To run jobs on Hadoop, an administrator must create and
set the APT_YARN_CONFIG environment variable
for each project.
Before you begin
Verify that the Linux computer
that you are running the jobs on has Java™ Development
Kit (JDK) 1.7 installed. To verify that JDK 1.7 is installed, log
on to your Linux computer as
the InfoSphere®
DataStage® administrator.
For example: su - dsadm , java -version
Verify
that the version of Java is
1.7. If it is not, install Java Development
Kit 1.7.
About this task
The
APT_YARN_CONFIG environment variable
provides a path for
InfoSphere
DataStage to
read the
yarnconfig.cfg file, which specifies
all the environment variables that you need to run
InfoSphere Information Server on
Hadoop. To take advantage of the resource management functionality
of Hadoop when running jobs, you must do the following:
- Set APT_YARN_CONFIG.
- Ensure that APT_YARN_CONFIG points to a yarncongfig.cfg file
where APT_YARN_MODE is set to the default value
of true or 1.
Otherwise, the jobs will not run on Hadoop, but will run in the
standard manner, without using the YARN resource management.
Procedure
- Open the InfoSphere DataStage and QualityStage Administrator
client.
- In the Administrator window, click the Project tab.
- Select the project that you want to run on Hadoop. The
default project is dstage1.
For InfoSphere Information Analyzer,
select the InfoSphere
DataStage project
that is set in the InfoSphere Information Analyzer global
or project properties to be used by InfoSphere Information Analyzer.
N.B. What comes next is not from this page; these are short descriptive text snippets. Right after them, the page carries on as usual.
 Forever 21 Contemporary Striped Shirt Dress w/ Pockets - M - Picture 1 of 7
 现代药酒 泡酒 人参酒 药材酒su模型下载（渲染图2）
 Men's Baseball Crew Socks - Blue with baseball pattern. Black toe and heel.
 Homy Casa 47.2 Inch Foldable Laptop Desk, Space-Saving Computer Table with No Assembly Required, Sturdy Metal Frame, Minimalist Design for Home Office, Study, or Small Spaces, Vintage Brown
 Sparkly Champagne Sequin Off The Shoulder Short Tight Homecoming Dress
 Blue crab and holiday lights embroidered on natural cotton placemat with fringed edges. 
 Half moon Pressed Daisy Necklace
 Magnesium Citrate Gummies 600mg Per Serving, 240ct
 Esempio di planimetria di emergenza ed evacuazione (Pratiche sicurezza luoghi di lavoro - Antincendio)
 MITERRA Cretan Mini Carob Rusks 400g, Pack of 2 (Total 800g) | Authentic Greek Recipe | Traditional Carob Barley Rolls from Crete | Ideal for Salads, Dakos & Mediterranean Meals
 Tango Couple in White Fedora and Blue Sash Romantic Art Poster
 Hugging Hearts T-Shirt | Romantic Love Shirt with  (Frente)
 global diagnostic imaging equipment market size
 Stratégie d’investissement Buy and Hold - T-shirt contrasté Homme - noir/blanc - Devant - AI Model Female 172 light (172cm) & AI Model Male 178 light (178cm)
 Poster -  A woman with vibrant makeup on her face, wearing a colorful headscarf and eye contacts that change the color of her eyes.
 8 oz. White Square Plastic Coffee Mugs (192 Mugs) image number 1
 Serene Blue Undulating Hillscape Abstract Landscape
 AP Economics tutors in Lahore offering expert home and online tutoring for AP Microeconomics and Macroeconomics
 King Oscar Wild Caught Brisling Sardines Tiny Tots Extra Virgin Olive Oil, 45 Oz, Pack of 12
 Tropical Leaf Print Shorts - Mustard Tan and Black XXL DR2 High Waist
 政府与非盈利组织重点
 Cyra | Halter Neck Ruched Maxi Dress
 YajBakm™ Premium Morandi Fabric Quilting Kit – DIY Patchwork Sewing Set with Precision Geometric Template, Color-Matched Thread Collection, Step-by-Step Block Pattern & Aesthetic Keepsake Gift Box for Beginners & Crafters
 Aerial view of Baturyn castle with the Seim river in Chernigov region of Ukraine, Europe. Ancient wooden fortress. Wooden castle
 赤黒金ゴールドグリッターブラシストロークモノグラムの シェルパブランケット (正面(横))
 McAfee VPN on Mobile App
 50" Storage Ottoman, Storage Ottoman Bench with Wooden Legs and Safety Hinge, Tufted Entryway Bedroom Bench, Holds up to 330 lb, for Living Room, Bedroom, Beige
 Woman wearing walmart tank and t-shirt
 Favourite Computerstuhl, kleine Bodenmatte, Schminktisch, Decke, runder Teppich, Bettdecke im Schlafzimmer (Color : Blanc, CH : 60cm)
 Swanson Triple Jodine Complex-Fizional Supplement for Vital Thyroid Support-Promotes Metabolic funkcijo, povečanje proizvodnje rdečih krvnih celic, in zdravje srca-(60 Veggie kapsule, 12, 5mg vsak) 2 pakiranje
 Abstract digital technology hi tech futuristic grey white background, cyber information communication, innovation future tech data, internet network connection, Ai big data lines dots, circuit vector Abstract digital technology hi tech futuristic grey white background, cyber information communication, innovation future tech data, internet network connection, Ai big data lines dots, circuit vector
The default project is ANALYZERPROJECT.
- Click Properties.
- On the General tab, click Environment,
and then click User Defined.
- Enter the following information to define an environment
variable:
- For the name, enter APT_YARN_CONFIG.
- For the type, enter string.
- In the Prompt field, enter DataStage
Hadoop Configuration file.
- In the Value field, enter /IS_install/Server/PXEngine/etc/yarn_conf/yarnconfig.cfg. IS_install is
the InfoSphere Information Server installation
directory. The default directory is /opt/IBM/InformationServer/.
What to do next
Run a sample job with the new environment variable set, and
verify that the job runs successfully. In the Operations Console,
verify that the job logs contain messages that indicate that the job
successfully connected to the YARN Application Master. If Hadoop is
set up successfully, the project that contains the job that you created
includes (Hadoop) after the project name.